• **Problem to solve**: From the first line of the listing below to the line containing "5 Bedroom Property", write out everything exactly. No pictures.

(Raw data Opens)

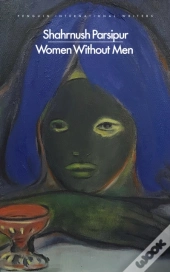 Women Without Men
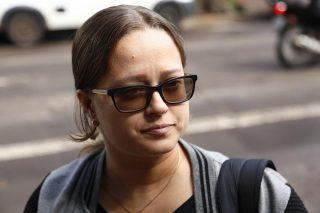 Dos mais pobres aos mais ricos, todos reprovam ônibus em Campo Grande, aponta Ibrape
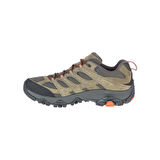 Merrell Moab 3 Gore-Tex Erkek Outdoor Ayakkabı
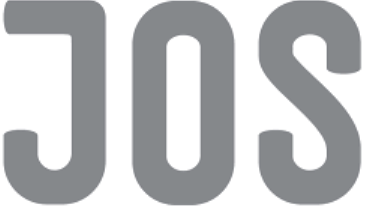 jos-g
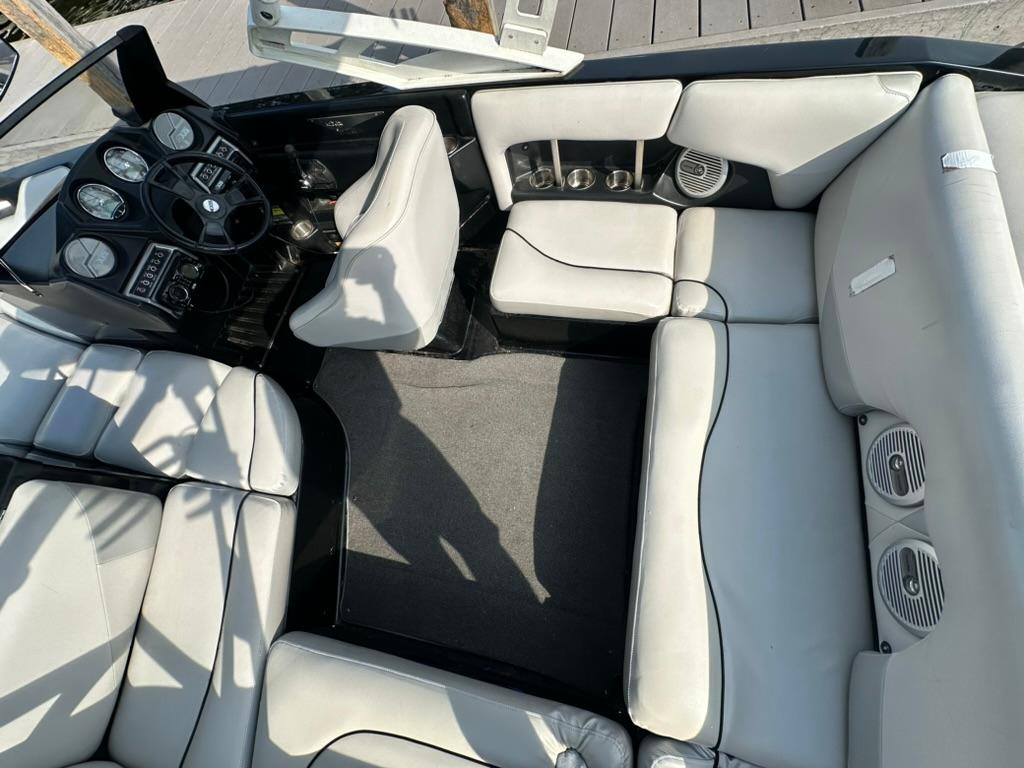 Boat image 15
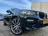 BMW X4 XDrive20i High Executive M-SPORT 184PK M PAKKET PA 2018 Benzine 7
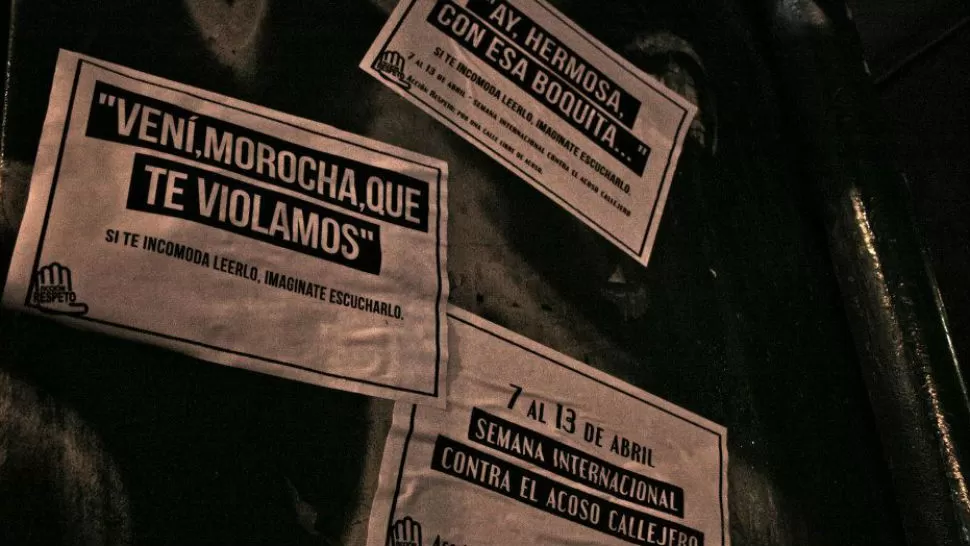 CAMPAÑA DE FACEBOOK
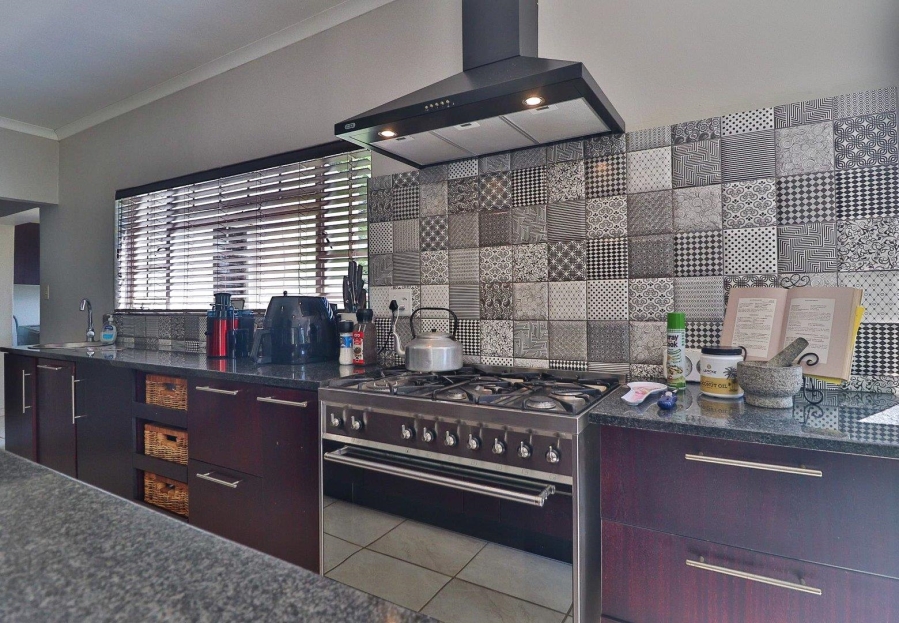 5 Bedroom Property for Sale in Nelspruit Rural Mpumalanga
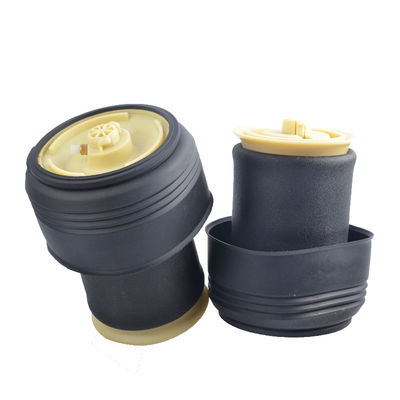 37126790078 BMW X5 (E70)Πρόσωπο αριστερό αέρας NO Xdrive RWD Ρυθμίσιμο αέρας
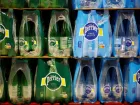 Фекальные бактерии нашли в популярной минералке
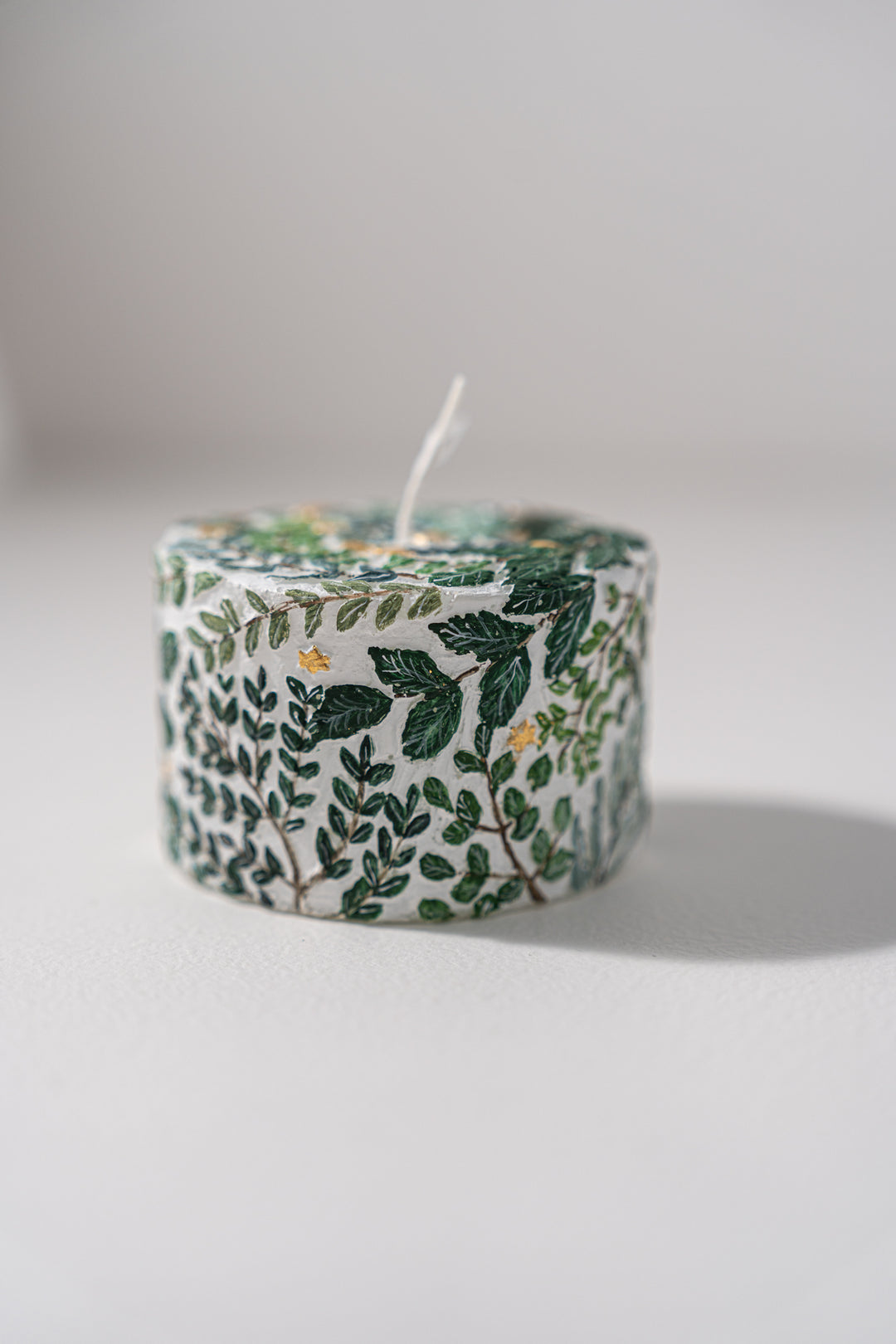 15.nuri candle holy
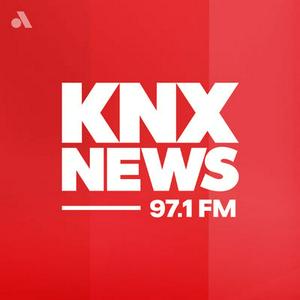 Écoutez KNX News 97.1 FM dans l'application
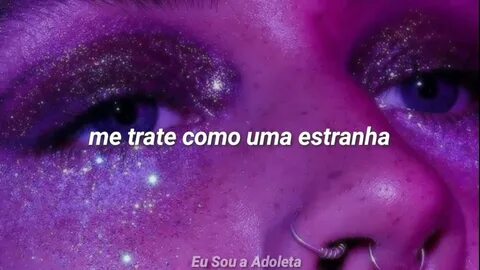 Zara larsson love land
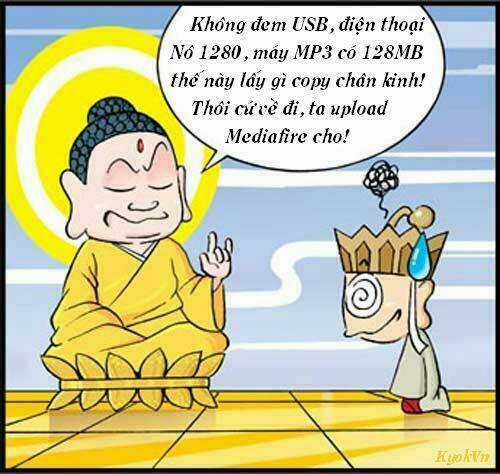 Inagawa's Love And Ghost Stories Chapter 72 trang 7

(Raw data Closes)

• **Result of this exercise**:
 Women Without Men
 Dos mais pobres aos mais ricos, todos reprovam ônibus em Campo Grande, aponta Ibrape
 Merrell Moab 3 Gore-Tex Erkek Outdoor Ayakkabı
 jos-g
 Boat image 15
 BMW X4 XDrive20i High Executive M-SPORT 184PK M PAKKET PA 2018 Benzine 7
 CAMPAÑA DE FACEBOOK
 5 Bedroom Property for Sale in Nelspruit Rural Mpumalanga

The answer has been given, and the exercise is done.